◆ TO DO
From top to bottom, return the listing exactly as it appears, omitting its images.

◆ DATA EXCERPT
● ● ● ● ● ● ●

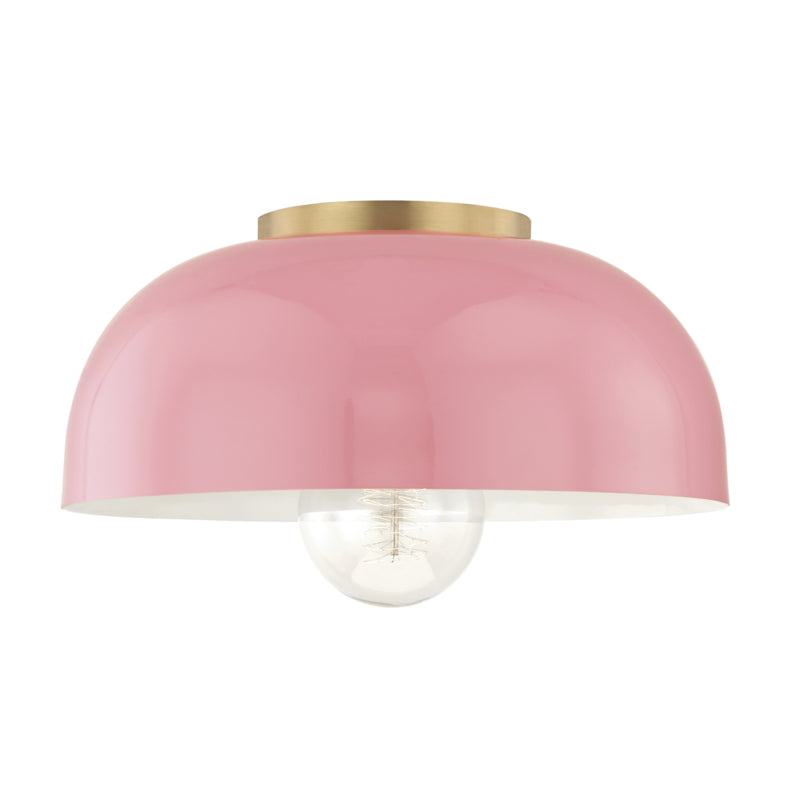 Mitzi Avery H199501L-AGB/PK Ceiling Light - Aged Brass/Pink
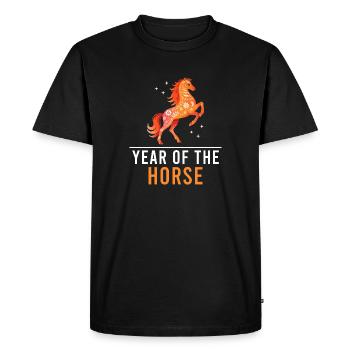 Chinese New Year of The Horse 2026 - Men's Premium Organic T-Shirt - black - Front - Nico (187cm)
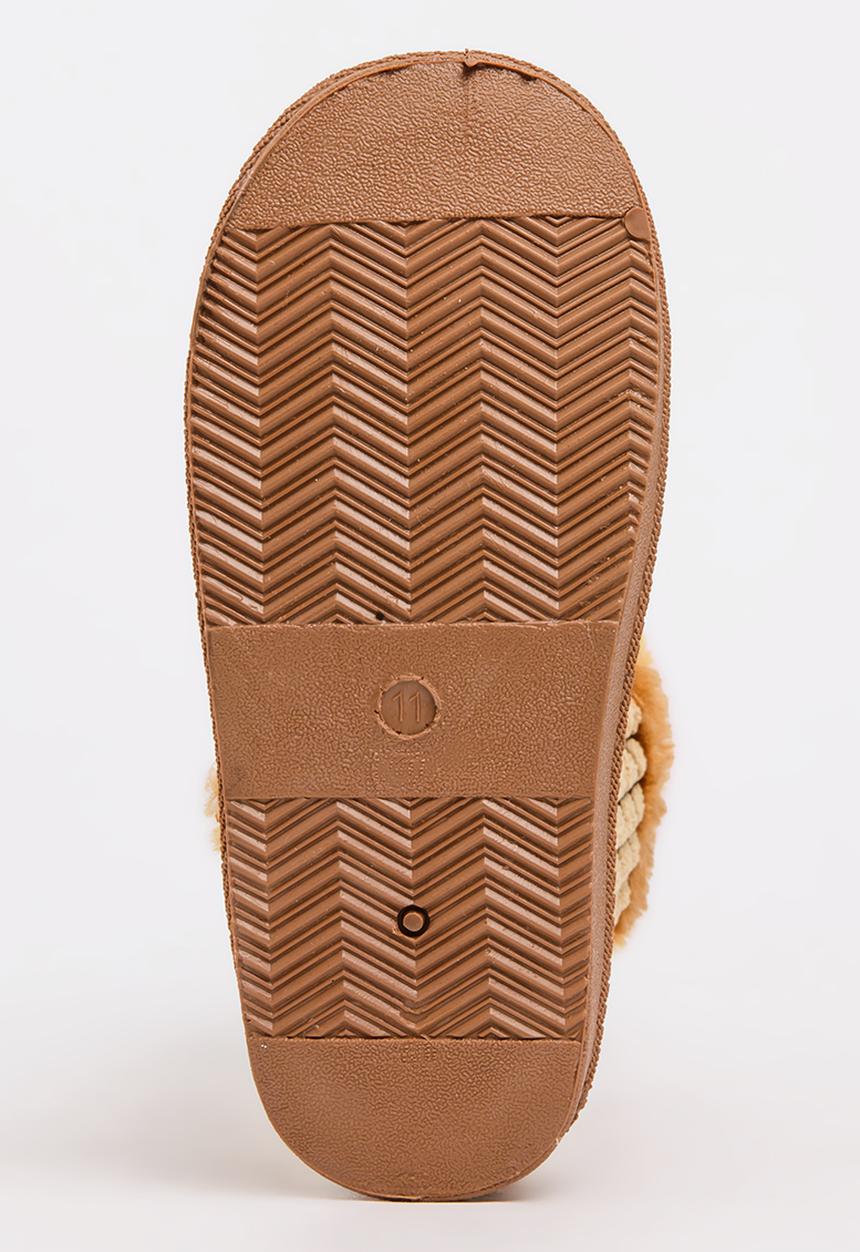 Foot Focus - Faux Fur Boot Tan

● ● ● ● ● ● ●

◆ OUTPUT
 Mitzi Avery H199501L-AGB/PK Ceiling Light - Aged Brass/Pink
 Chinese New Year of The Horse 2026 - Men's Premium Organic T-Shirt - black - Front - Nico (187cm)
 Foot Focus - Faux Fur Boot Tan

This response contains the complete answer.